There has been a quota system in the Constitutional Court since 2003, in the sense that at least one female judge must sit in the court. But in practice, that minimum has long served as a maximum with the reasoning that there was already a woman sitting. Due to the recent appointment of Riet Leysen, for the first time in the history of the court, there are now only ten men and two women, one in six. The other is Trees Merckx-Van Goey.

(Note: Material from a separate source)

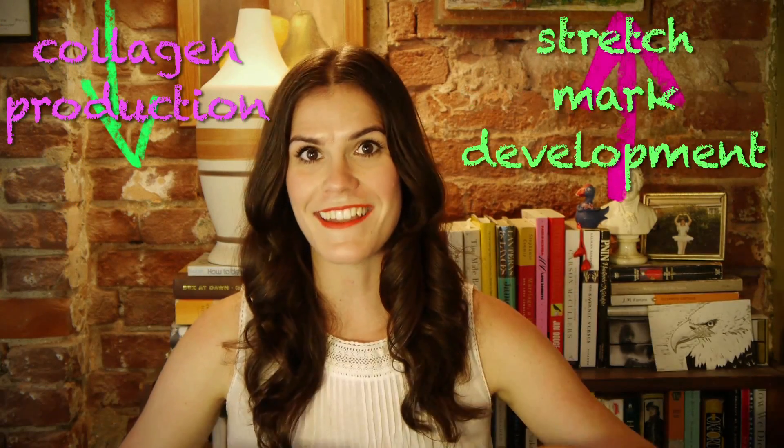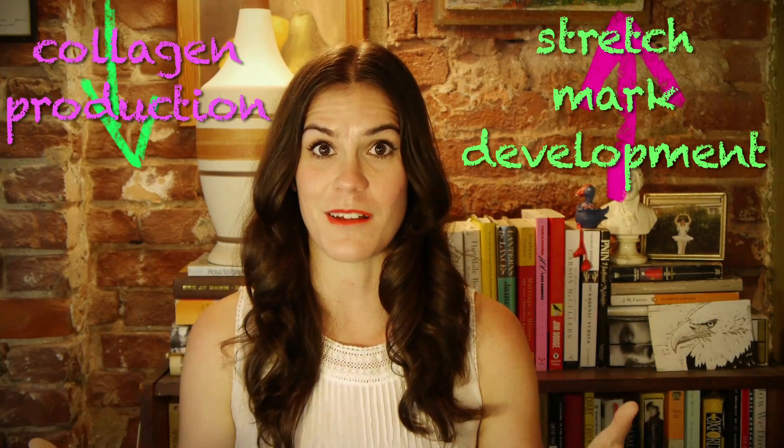Between those broken fibers, the blood vessels underneath might also show through, hence the red or purplish appearance of stretch marks. More recent research has suggested that the hormonal changes associated with things like puberty, pregnancy, and weight gain contribute to that slowing down of collagen production, which then contributes to stretch mark development. Some studies have also identified genetic components that predispose some of us to developing stretch marks whether you like it or not.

The Court was established under the name Arbitration Court in 1984. That is thirty years ago and in all that time there were 4 female judges on a total of 47, which is 8.5%. Everything suggests that without the intervention of the legislator or anyone else, it can take generations before there are as many women as men seated in that court.

Quotas are horse remedies and we apply them because it is necessary, because we have tried other remedies and which have proved ineffective. This is clearly the case here.

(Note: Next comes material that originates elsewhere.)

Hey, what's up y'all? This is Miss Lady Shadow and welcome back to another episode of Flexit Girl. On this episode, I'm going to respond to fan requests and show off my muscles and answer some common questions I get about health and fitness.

The second reason why we focus on the Constitutional Court is the fact that the Court is the highest legal body with a unique role in the rule of law, the guardian of the Constitution. While other courts apply the laws we make, the Constitutional Court has the power to abolish them. To the extent that we use quotas from a representative logic, from an expectation of adequate representation of the female half of the population in such an important body, this is therefore a very good choice. Then, of course, there are still the imaging and role models, elements of invaluable value in an emancipation process. Among other things, for the students at our law schools, for the boys as well as the girls, the visible presence of women in legal top positions is an important element in their imagery of the legal world and their own career prospects.

The equal distribution of women and men is 50/50. For 12 judges, that would mean six women. That seems incredibly tight, but in fact it is no stricter than the requirement that there are six French-speaking and six Dutch-speaking judges or that there must be six former parliamentarians, three in each language group. So it could have been a legitimate choice to prescribe 6/6 or 40%, 5/8. Nevertheless, in our proposal, we have also pushed forward a modest proportion of one-third, at least four women out of 12, because there can therefore also be eight women seats in the future Constitutional Court.

In the proposal of our group, the one-third rule would be applied to each of the four groups of judges, so at least a female Flemish former politician – that is already there, at least a Flemish female jurist – that is also there, at least a French-speaking female former politician – that would then be the next appointment in the category of former politicians – and at least a French-speaking female jurist, the next appointment in that category.

The present proposal does not use that approach, it uses an aggregate approach that applies the one-third rule to the whole. In addition, there is a great deal of flexibility when entering into force. Since the last appointment was for a woman, two men can now be appointed before it must be a woman again and then two men before it must be a woman again. We can live with it, but I would find it very disappointing if the minimum speed in practice would once again prove to be the maximum speed and if it would become real male, male, female and male, male, female.

Colleagues, this is a matter in which we as parliamentarians have the ropes in our hands, or better you, because I will not be there anymore.

If we have a two-thirds majority for this quota scheme tomorrow, then I don’t understand how it could be that the next two appointments would still be men.

I would like to appeal to our French-speaking colleagues. If there were two separate constitutional courts, the Flemish Constitutional Court would already comply with the new quota system at this time, while the French-speaking Constitutional Court would not even respect the old rule of mixed composition.

You know that I am not a flamingot, my colleagues, but I can only establish this. I think it is time for this work to be done.